(SUPPLIED RECORDS)

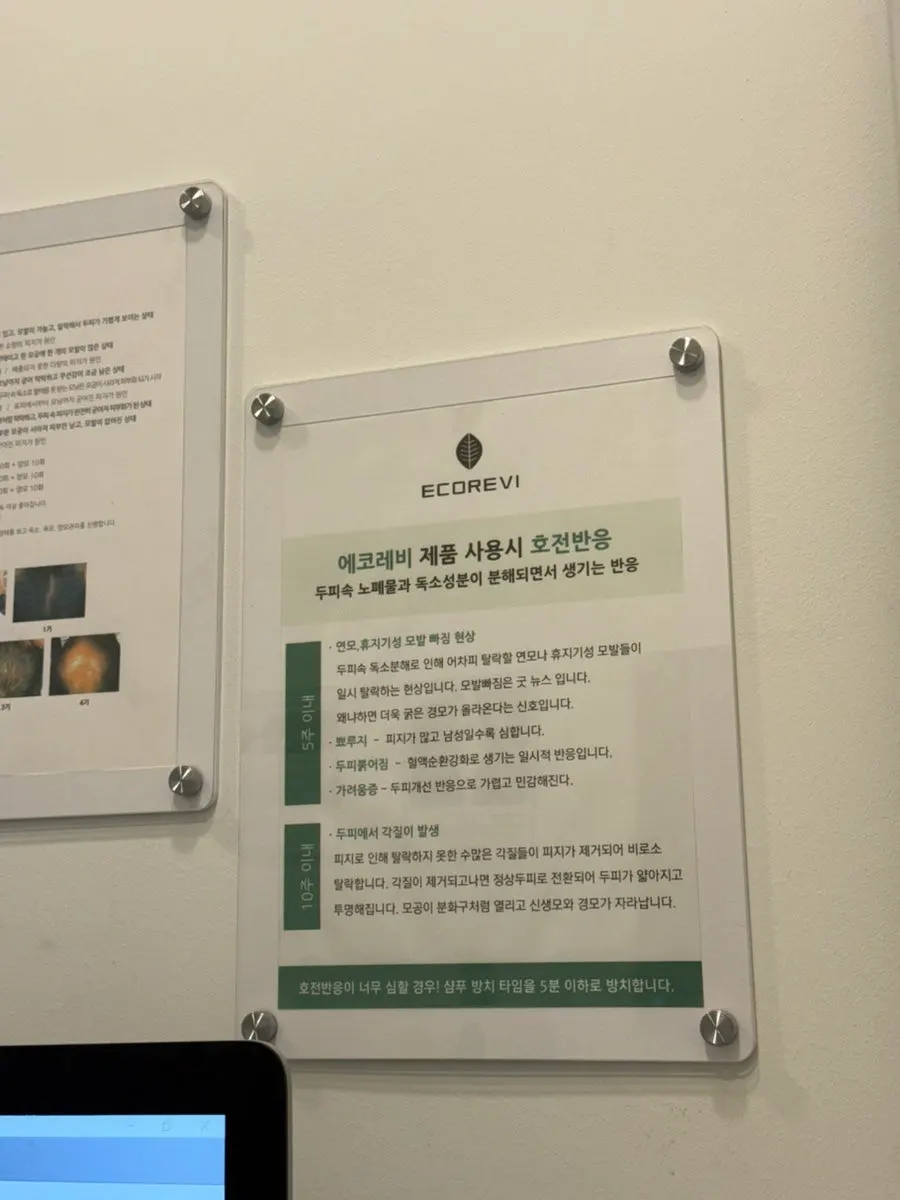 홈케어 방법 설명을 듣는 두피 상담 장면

(End SUPPLIED RECORDS)
(SUPPLIED RECORDS)

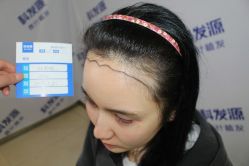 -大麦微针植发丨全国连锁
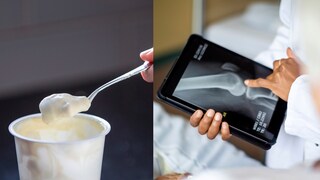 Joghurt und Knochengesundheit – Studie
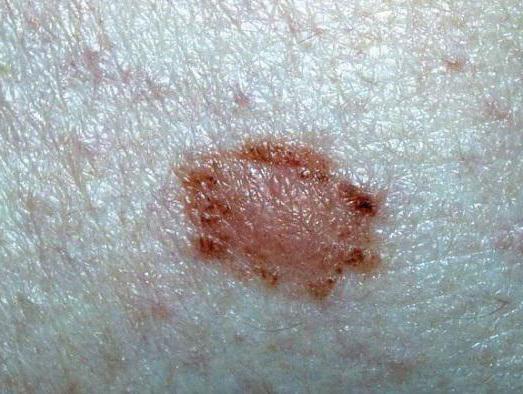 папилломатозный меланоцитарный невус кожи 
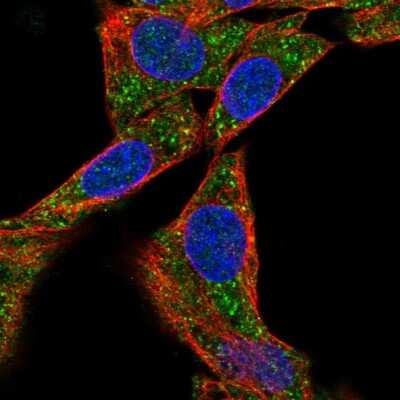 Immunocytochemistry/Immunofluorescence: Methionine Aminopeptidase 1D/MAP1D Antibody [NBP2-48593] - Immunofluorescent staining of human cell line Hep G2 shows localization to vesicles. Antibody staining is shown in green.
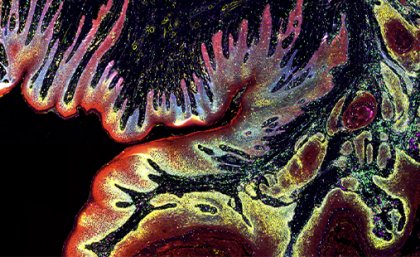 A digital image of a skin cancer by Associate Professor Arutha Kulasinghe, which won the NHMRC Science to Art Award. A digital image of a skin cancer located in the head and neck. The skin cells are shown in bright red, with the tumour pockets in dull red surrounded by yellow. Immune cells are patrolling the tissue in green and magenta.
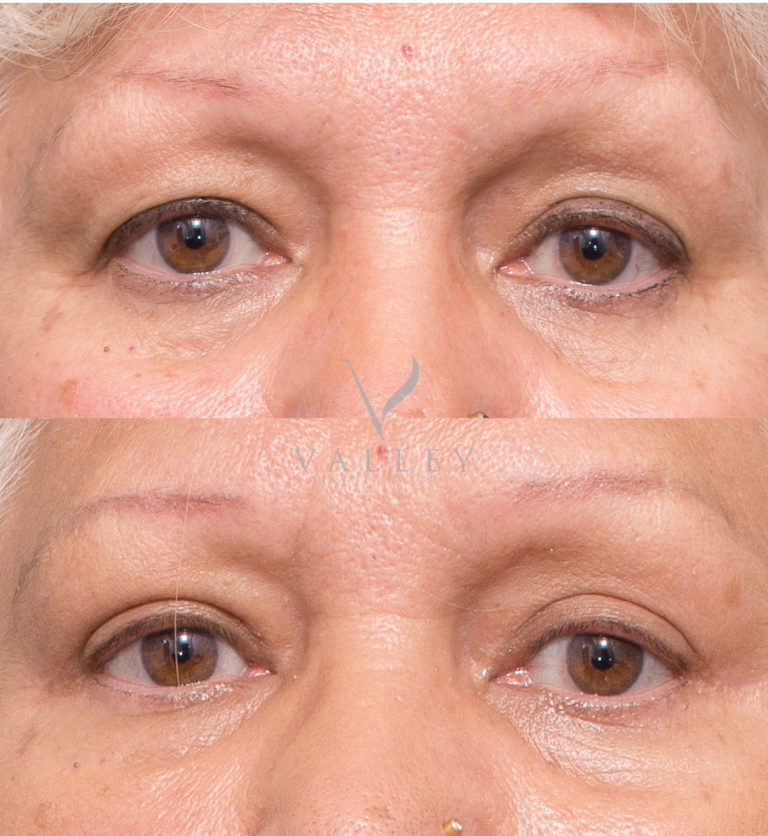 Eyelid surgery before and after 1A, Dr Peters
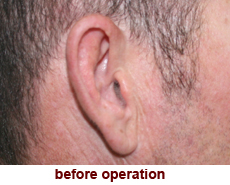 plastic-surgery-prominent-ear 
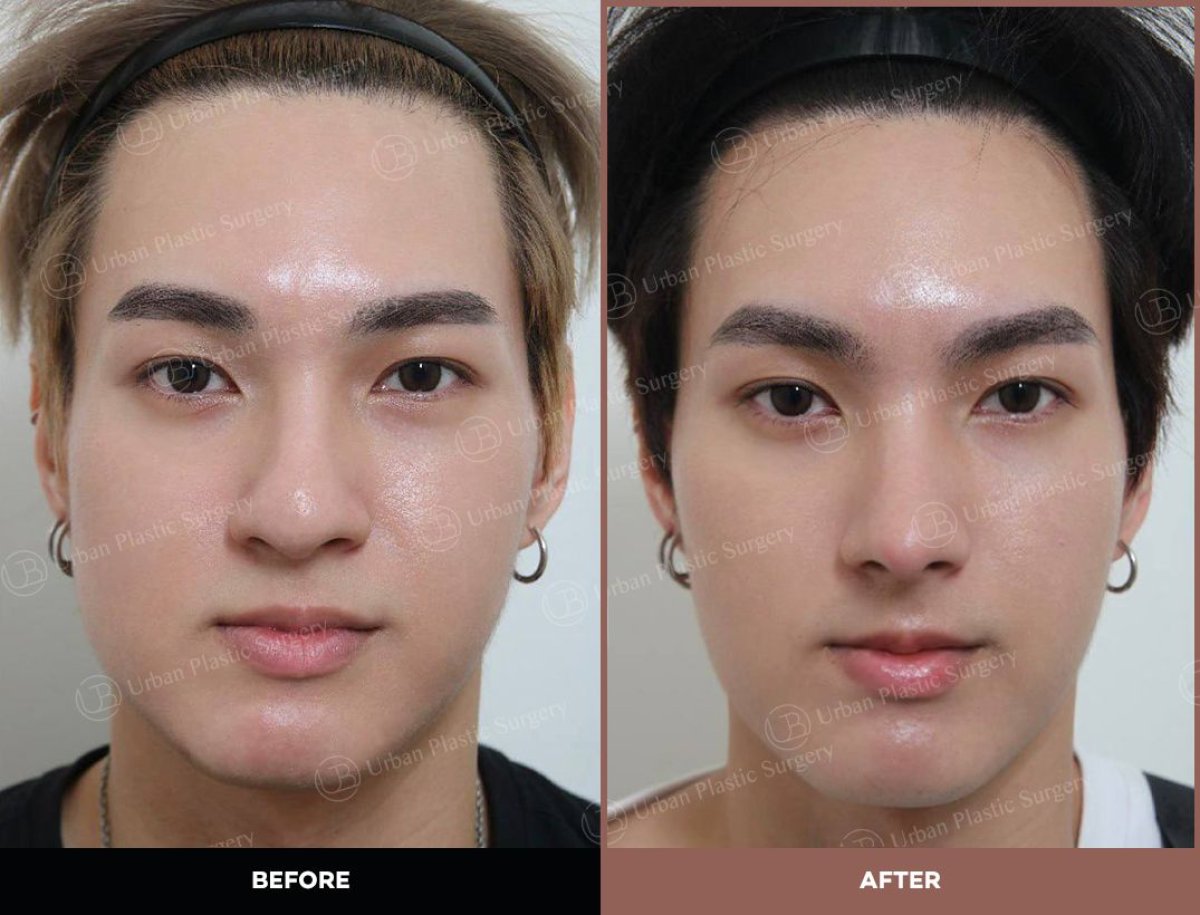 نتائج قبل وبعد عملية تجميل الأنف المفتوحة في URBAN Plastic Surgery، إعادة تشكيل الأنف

(End SUPPLIED RECORDS)
(SUPPLIED RECORDS)

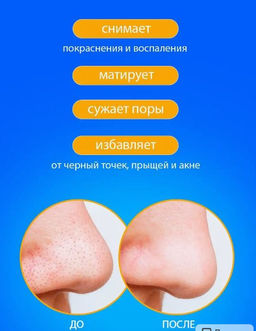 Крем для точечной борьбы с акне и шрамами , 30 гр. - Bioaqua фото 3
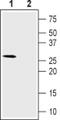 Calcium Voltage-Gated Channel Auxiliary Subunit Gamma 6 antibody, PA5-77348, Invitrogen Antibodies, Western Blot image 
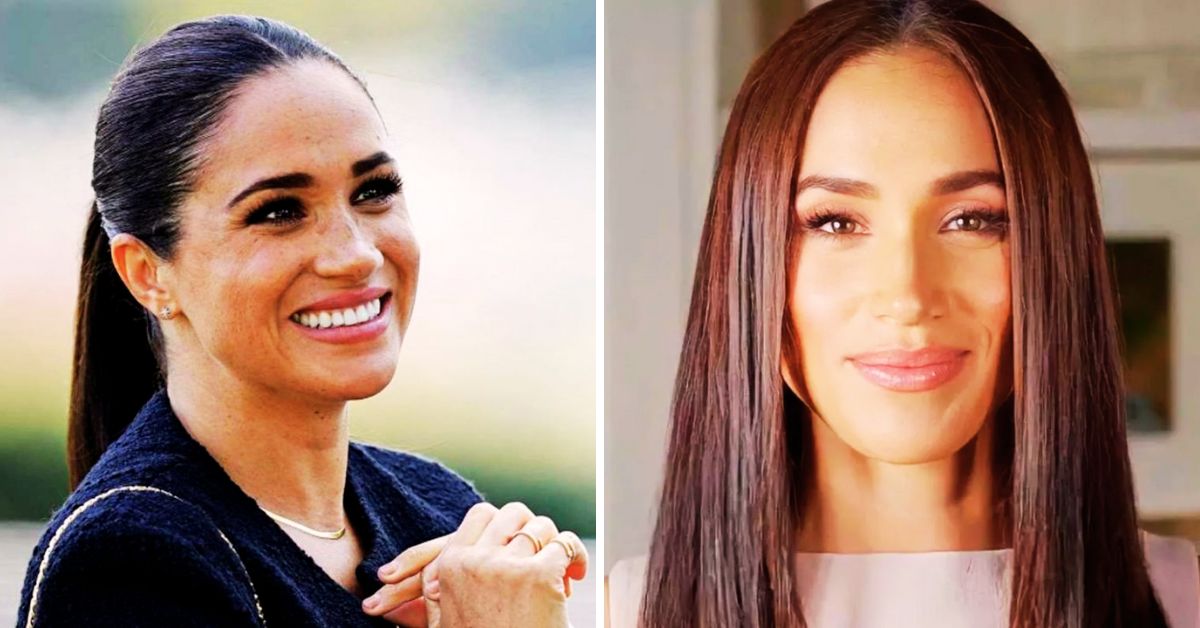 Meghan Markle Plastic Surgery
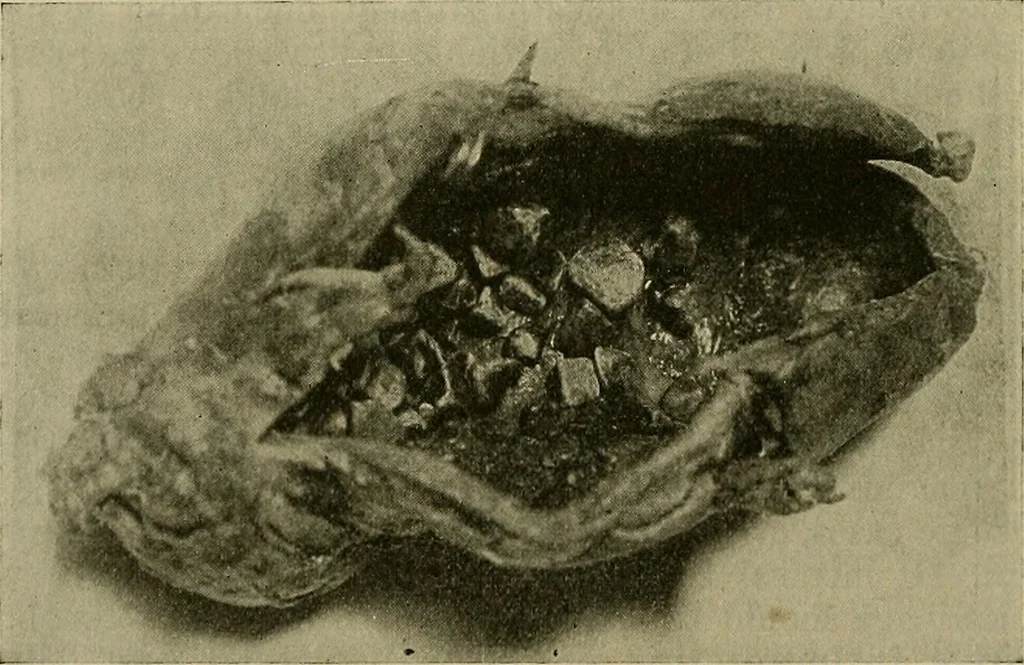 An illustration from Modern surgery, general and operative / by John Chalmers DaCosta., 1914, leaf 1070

(End SUPPLIED RECORDS)

--- TASK TO COMPLETE ---
Using the records above, return word for word the lines that begin at the one containing "папилломатозный меланоцитарный невус кожи" and end at the one containing "shown in green.", both of them included and no pictures.

--- TASK ANSWER ---
 папилломатозный меланоцитарный невус кожи 
 Immunocytochemistry/Immunofluorescence: Methionine Aminopeptidase 1D/MAP1D Antibody [NBP2-48593] - Immunofluorescent staining of human cell line Hep G2 shows localization to vesicles. Antibody staining is shown in green.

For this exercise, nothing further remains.